Cécile Di Meglio : En matière civile et commerciale particulièrement, il est important pour les entreprises françaises de pouvoir démontrer que l’application du traité d’entraide ne va pas venir ralentir inutilement la procédure pendante à l’étranger. J’avais beaucoup insisté sur ce point lors des réflexions de place sur la réforme, c’est le gage de la crédibilité de la coopération de l’entreprise face aux autorités étrangères. Celle-ci peut se retrouver dans une situation difficile à l’égard des autorités de poursuite si elle ne produit pas les documents, et si elle les transmet directement c’est en France qu’elle connaîtra des problèmes.
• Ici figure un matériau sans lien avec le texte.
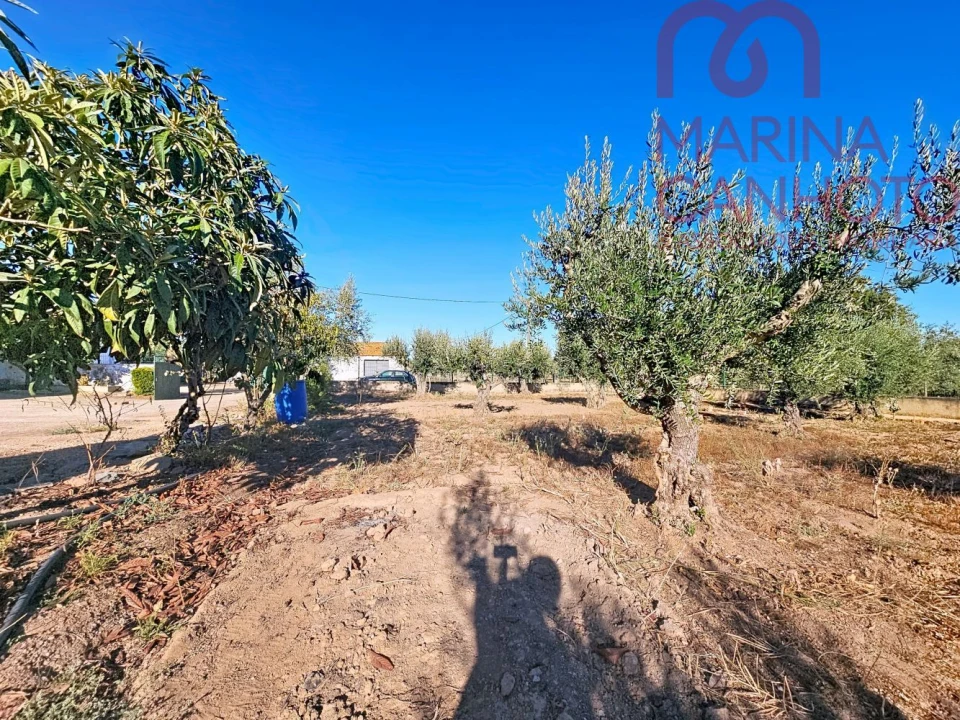 Moradia T3 para Venda em Santo Aleixo Foto 24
Comment apprécier le caractère sensible souverain de la donnée ?

Margot Sève : Un guide Afep-Medef a été rédigé, en coopération avec le SISSE, pour aider les entreprises à déterminer les données « sensibles souveraines » susceptibles d’entrer dans le champ d’application de l’article 1 de la loi de blocage. Le document est très clair et explicatif. De manière générale, il invite les entreprises à classifier leurs données et à les stocker de manière adaptée à leur niveau de sensibilité. Il est conseillé d’éviter d’héberger des données sensibles à l’étranger : si elles sont accessibles depuis l’étranger, elles seront plus à risque d’être produites à un tiers en violation de la loi de blocage, soit par accident soit sous la contrainte. Il convient donc d’anticiper le sujet.

Cécile di Meglio : Le guide Afep-Medef s’adresse à toutes les entreprises françaises, quels que soient leur taille ou leur secteur. Ce pragmatisme et cette flexibilité est très appréciable pour les groupes qui, par principe, ont chacun des informations sensibles de natures différentes

Société Générale a classifié les documents en fonction de leur sensibilité. Une dizaine de documents internes ne pourront pas être transmis à des autorités étrangères directement et nous exigerons systématiquement de passer par des traités d’entraide.

Quels risques pour l’entreprise si elle ne respecte pas la loi de blocage ?

Margot Sève : Des sanctions pénales sont encourues : une amende et jusqu’à six mois d’emprisonnement pour les personnes physiques, et une amende pour les personnes morales avec inscription au casier judiciaire. Mais pour qu’il y ait poursuite, il faudra que le parquet soit informé d’une violation éventuelle de la loi de blocage. Cette information peut avoir plusieurs sources. Par exemple, le SISSE a récemment affirmé qu’il n’hésitait pas à effectuer un signalement au parquet en cas de soupçons de contournement.

Cécile di Meglio : Il a un temps été question d’augmenter le niveau des sanctions pénales encourues. J’y étais assez opposée au motif que le maillage de conventions internationales qui existent entre la France et d’autres juridictions ne couvre pas tous les domaines dans lesquels nous sommes susceptibles de devoir produire des documents. Il aurait été injuste pour les entreprises de risquer se faire condamner alors même que l’Etat français ne leur donne pas encore totalement les moyens de se conformer à la loi de blocage.